In fact, despite its charitable facade, Kempton uses the book to go after some of the biggest names in the history of the music, from Gordy's earlier years as a pimp wannabe to repeated referrals to the criminal pasts of Tupac Shakur and Suge Knight. It's like going on and on about Lil' Kim's store-bought breasts or Mary J. Blige's drug problem. We know all about it. Give us something new. Well, some of the photos are new and rare, but the book stumbles in quite a few places, dwelling on effects rather than causes, on the sordid rather than the sublime.

On the other hand, Ramsey's Race Music delights in its recounting of the musician-author's upbringing on Chicago's South Side, his early days on the music bandstand, and his many influences.
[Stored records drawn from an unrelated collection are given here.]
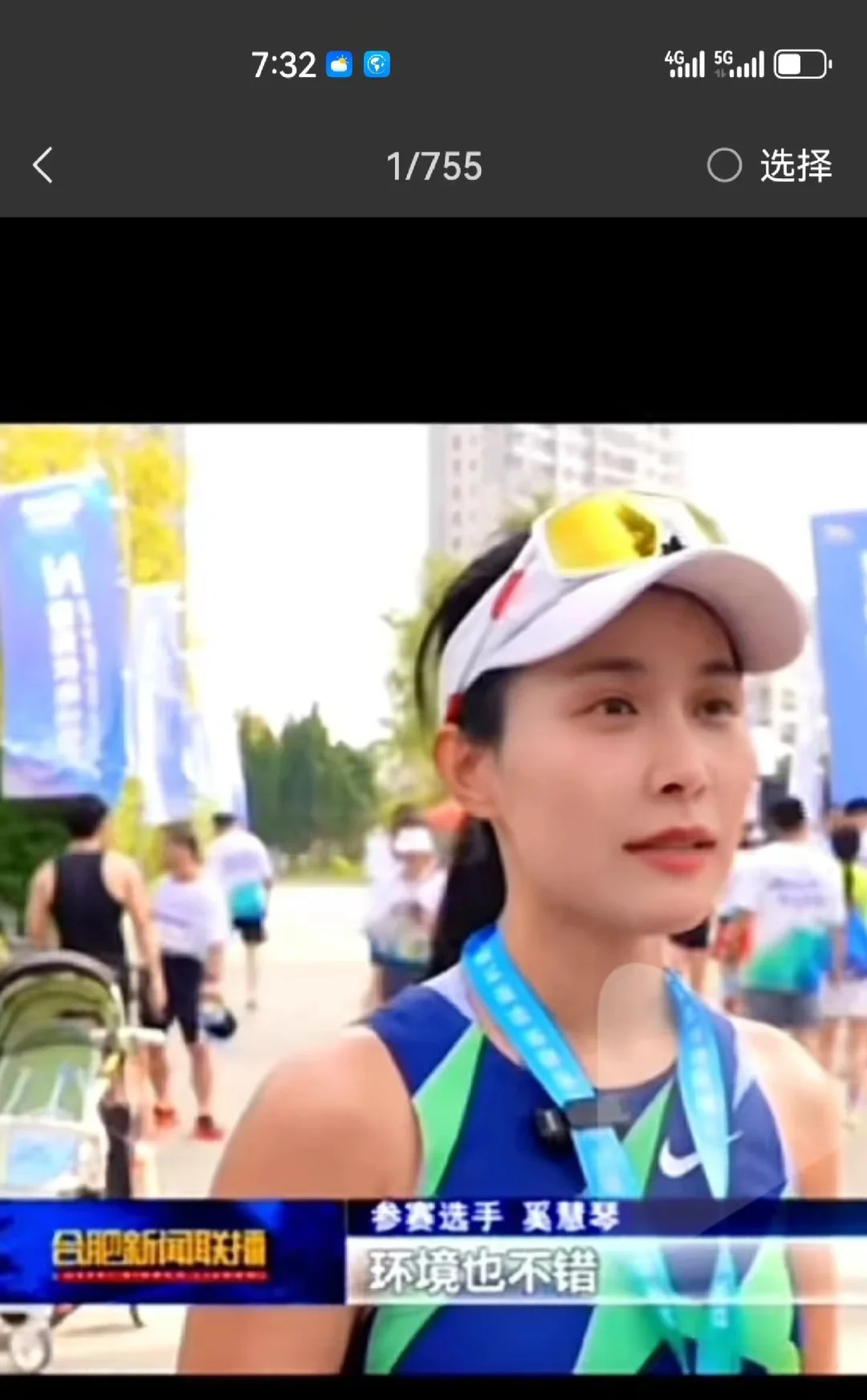 轻松跑 14km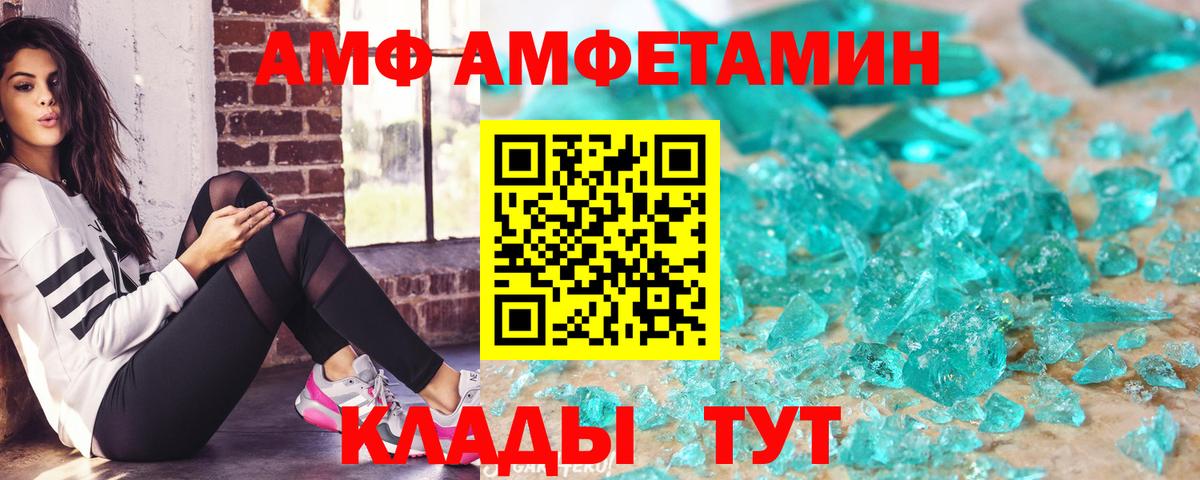 Amphetamine 97%  Амфетамин  Электрогорск  Amphetamine  Вход с VPN 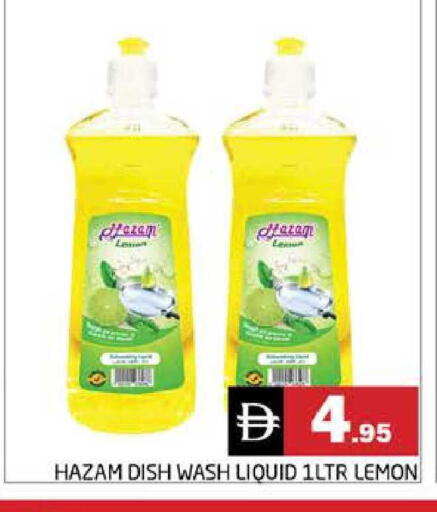 Lemon available at هايبر ماركت باسونز in الإمارات العربية المتحدة , الامارات - دبي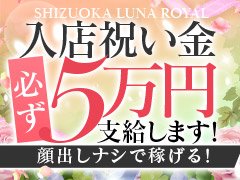 不安定な収入や、お茶を引いてしまった経験がある方必見!<br />LUANA　ROYALでは女の子の稼ぎを第一に考えているため、出勤すれば稼ぐ事が出来るという環境を意識しております♪<br />「稼げる日はあるけど日による」「繁盛しているお店で頑張ってみたい」と考えてる方にはピッタリです♪<br /><br /><br />【集客力には自信があり!】<br />日々多くのお客様にご利用頂いているため、顔出しをしなくても稼ぐことができちゃいます☆<br />入店祝い金最大5万円をご用意しておりますので、不安がある方もお気軽に応募下さい。<br /><br /><br />【女の子の希望を最大限考慮】<br />女の子を第一に考えているためプレイ内容も、ＮＧプレイも最大限希望を受け付けます!<br />ソフトサービスをメインにする事も可能で、ハードサービスは一切ありません！<br />例えばキスＮＧでもＯＫ。できないプレイやしたくないプレイをする必要はありません♪<br />当店自慢の集客力がある環境で、自分で働き方を決めてストレスフリーで働ける環境でガッツリ稼いでみませんか？<br />▷完全即日払い<br />▷罰金・ノルマ無しで自由出勤♪<br />▷無理なシフト提出も無し<br />▷分煙・私語厳禁<br />▷講習無し<br /><br /><br />お問い合わせ頂いた日に面接、面接した日に体験入店も出来ますよ♪<br />もちろん見学だけでも大歓迎です♪どんな細かい事でもまずは質問してみて下さい♪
His efforts to show the linkage between black community life, the shared history and deep religious tradition provide some glorious moments of reading in this book, celebrating the strength and richness of African American music, from jazz, rhythm and blues and gospel.

While Ramsey adds some dollops of cultural theory into the mix, he does uot shy away from going into the common ties of all of the musical genres so popular in the black community and the world. His excerpts on the traditional house party and sanctified church service aptly capture the musical swing, emotional depth and heated funk to be found in both elements of the music, all done in a straightforward manner lacking in the Kempton book. The Chicago club scene is also vividly depicted. Even his summaries on the careers of Dizzy Gillespie, Mahalia Jackson, Louis Jordan, Dinah Washington and Cootie Williams are informative, warm and respectful, without a hint of scandal or dirt.

Unlike many current volumes looking at the hip-hop scene, Ramsey's book does not attempt to overplay the thug facet of the music, only briefly touching on the hardcore and lewd, but taking more space to indicate its creativity as an art form. He works mightily to draw a parallel between the recorded and performed music and its ever-spreading influence on the larger popular culture. Using films such as Do The Right Thing, Boyz N the Hood and Love Jones, Ramsey plugs their potency into the traditions of daily black life, arguing that the overall sum of the images and music depicted goes beyond the pimp and gangsta mentality seen in a sizeable percentage of hip-hop jams and videos. To dismiss it all as such, Ramsey contends, would be a big mistake.

Ultimately, these are two books that will garner much print and cause some debate. Of the two, Ramsey's work comes closely to achieving it's goal of being a thoughttul, well-researched book, connecting the dots between our music and lives, while Kempton's tome trips on its insistence to dwell on the dark underbelly of the music and its major players. The choice between the pair, for the reader, is obvious.